User authentication is the process of verifying a person’s identity before granting access to an account, platform, or transaction, using credentials like passwords, OTPs, biometrics, or multi-factor checks to prevent unauthorized actions.
Authentication typically occurs at login and at sensitive actions like payments or approvals. A system verifies a user using one or more factors: something the user knows (password or PIN), something they have (OTP device), or something they are (biometrics). In Indian digital payments, additional checks such as OTP or UPI PIN are common. Strong authentication reduces fraud risk and helps ensure only authorized users can transact.

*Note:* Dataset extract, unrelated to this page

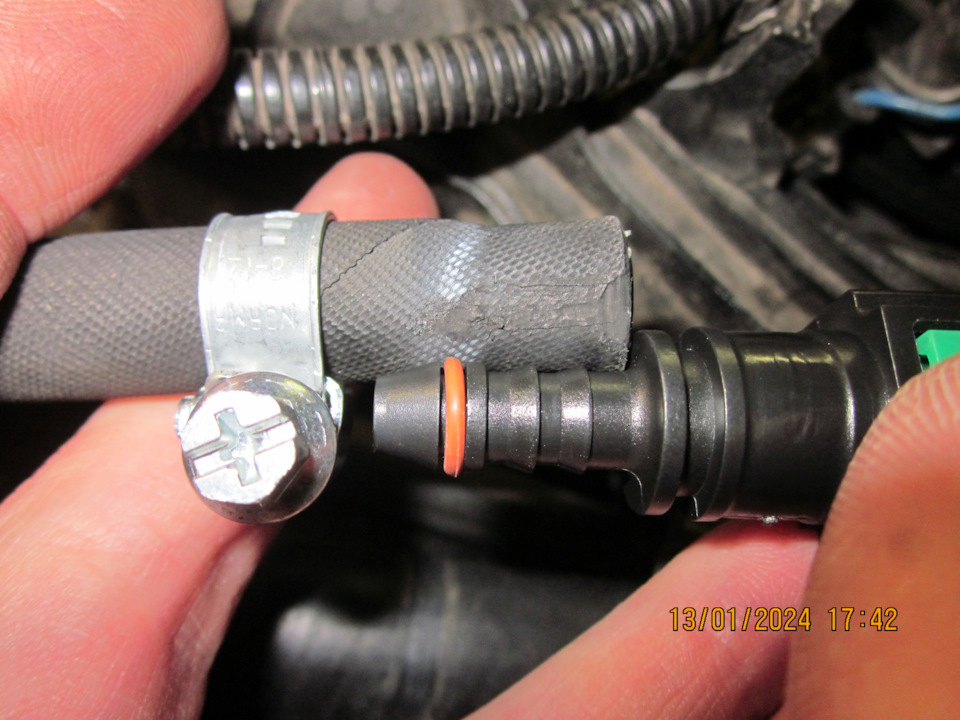 Перед тем как спозиционировать хомут на шланге, смотрим до куда доходит штуцер — Lada Vesta SW (1G). Запчасти на фото: 13012024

Weak authentication can lead to account takeover, unauthorized transactions, and data exposure. For businesses, these incidents increase financial loss, customer disputes, and reputational damage. Strong authentication supports compliance and reduces fraud investigation workload. It also improves audit readiness by linking actions to verified identities. In multi-user finance environments, authentication becomes even more important because payment approvals, vendor transfers, and reimbursement actions must be clearly attributable to the correct authorised user.
Authentication is essential in payment systems, expense platforms, and approval workflows where multiple users perform different actions. Typical scenarios include approving vendor payments, issuing cards, changing limits, or exporting reports. Businesses often combine authentication with role-based access to reduce risk. EnKash uses secure authentication and role-based permissions so finance teams can control who can create payouts, approve spends, or access sensitive dashboards. This reduces misuse, supports policy enforcement, and ensures activity trails remain auditable, which is especially important for enterprises and fast-scaling teams.